Но в вопросе моем про курево крылась едкая подоплека. По тому, какие сигареты следователь курил, можно было сделать массу удивительных замечаний. Я подвинул на кончик носа несуществующие очки:

– Недавно в порт заходил “Товарищ” – на нем сигареты привозит Редин.

Он работает не на рынок, а с грузинами Верхней Балки. Те увозят товар в авоськах, ибо в городе им не жить. А с французского сухогруза все забрали ребята Слабого, и вот здесь, пожалуй, уже теплее, Гришка, видимо, кормит сыщика, но и это неинтересно. А важно, наверное, только то, что Марыкин не прячется, не скрывает – прямо в физию рыбдиректора дует свой контрабандный дым. Значит оба они – повязаны, ибо, если рыбак на привязи, на крючке, он еще опаснее – настрочит анонимку смежникам, нет Марыкина – нет крючка.

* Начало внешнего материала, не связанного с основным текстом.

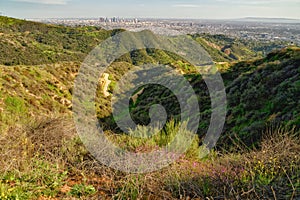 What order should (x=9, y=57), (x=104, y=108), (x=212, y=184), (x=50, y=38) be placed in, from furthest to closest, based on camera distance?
(x=50, y=38) < (x=9, y=57) < (x=104, y=108) < (x=212, y=184)

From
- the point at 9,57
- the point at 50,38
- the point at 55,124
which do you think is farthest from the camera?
the point at 50,38

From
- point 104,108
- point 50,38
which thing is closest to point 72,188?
point 104,108

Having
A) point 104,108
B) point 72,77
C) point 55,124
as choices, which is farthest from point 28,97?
point 55,124

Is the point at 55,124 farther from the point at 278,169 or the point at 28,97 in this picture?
the point at 28,97

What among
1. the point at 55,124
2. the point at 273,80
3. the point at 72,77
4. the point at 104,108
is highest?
the point at 55,124

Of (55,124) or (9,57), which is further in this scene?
(9,57)

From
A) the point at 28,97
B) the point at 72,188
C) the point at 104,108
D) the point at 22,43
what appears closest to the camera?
the point at 72,188

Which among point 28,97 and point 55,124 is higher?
point 55,124

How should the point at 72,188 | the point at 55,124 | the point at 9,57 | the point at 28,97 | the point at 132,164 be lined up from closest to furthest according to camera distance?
the point at 72,188
the point at 132,164
the point at 55,124
the point at 28,97
the point at 9,57

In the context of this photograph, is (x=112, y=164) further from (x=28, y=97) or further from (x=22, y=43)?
(x=22, y=43) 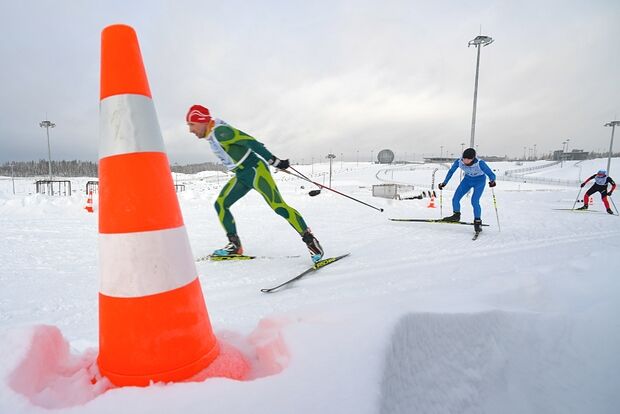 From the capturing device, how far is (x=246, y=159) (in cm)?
396

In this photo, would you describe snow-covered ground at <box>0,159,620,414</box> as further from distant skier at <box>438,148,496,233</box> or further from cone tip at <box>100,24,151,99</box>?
distant skier at <box>438,148,496,233</box>

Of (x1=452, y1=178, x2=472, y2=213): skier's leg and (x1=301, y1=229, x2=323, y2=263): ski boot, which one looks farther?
(x1=452, y1=178, x2=472, y2=213): skier's leg

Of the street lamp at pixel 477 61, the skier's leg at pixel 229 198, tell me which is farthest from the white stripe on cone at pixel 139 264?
the street lamp at pixel 477 61

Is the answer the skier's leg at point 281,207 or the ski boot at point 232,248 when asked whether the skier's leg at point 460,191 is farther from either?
the ski boot at point 232,248

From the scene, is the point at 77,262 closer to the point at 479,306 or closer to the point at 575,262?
the point at 479,306

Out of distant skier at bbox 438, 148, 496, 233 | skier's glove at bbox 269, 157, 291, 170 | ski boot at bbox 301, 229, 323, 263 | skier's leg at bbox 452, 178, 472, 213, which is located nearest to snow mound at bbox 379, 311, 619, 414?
ski boot at bbox 301, 229, 323, 263

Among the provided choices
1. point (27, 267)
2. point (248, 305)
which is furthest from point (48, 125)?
point (248, 305)

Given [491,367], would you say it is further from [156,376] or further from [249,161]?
[249,161]

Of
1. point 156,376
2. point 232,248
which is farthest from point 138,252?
point 232,248

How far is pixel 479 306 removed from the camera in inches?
71.2

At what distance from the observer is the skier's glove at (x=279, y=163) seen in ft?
13.1

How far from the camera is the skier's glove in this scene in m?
4.00

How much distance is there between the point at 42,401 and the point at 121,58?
1.34m

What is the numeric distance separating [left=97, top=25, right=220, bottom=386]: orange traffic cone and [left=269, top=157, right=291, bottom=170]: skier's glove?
2539 millimetres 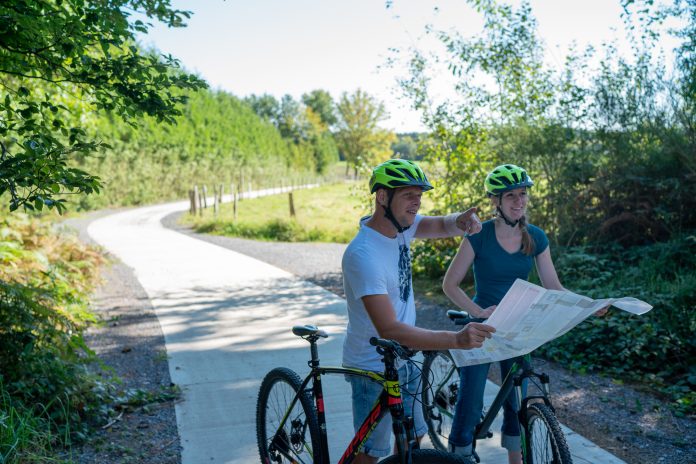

Тут скорее другая химия – в чем-то этим обоим выгода, вот и рожи у них насуплены, сложный, кажется, разговор.

– Кажется – покрестись.

Брат не любит мою манеру – говорить отраженной речью. Он был сроду немногословен, но привычка важней заначки, я не вписывался в привычку, каждый день изменяя слогу – то вещаю передовицей, то съезжаю на ридну мову. Вот я харкаю речью деда, заикаюсь дворовым матом, причитаю базарной бабой или книжную вязь плету. На уроках литературы – выступаю, как Маяковский, в растопырку поставив ноги и немного поджав губу. Мама, кстати, не замечала.

Как поделена голубятня – так же мы поделили школу. Брату – химия, мать-и-мачеха, физкультура на пару с физикой. Мне же – верхний этаж программы: биология с географией, английский, пару часов истории, прочей твари еще по паре со случайными трояками. Много позже, с лихвой отлежав больничное, я прочел килограммы глупостей а-ля

“Социальный симбиоз однояйцевых близнецов”, “Структура неравных возможностей” и тому подобную дребедень. Я прекрасно помню свое младенчество, где не помню борьбы за равенство, лишь единожды, боль ненадолго, бунт непрошеного родства.

1963

Это случилось во время одного из первых приходов в табор. Мы оба знали, что этот легкий, недомытый с дорог народец связан с нашей семьей издавна и, практически, пуповиной. Они жили рядом в пяти минутах, но при этом – как дальше некуда, их наречие не менялось, их менялы не зарекались, они пили горькую на закате, они ели сладкое на ладони, а кто их не любит и сдуру тронет – до рассвета не доживет.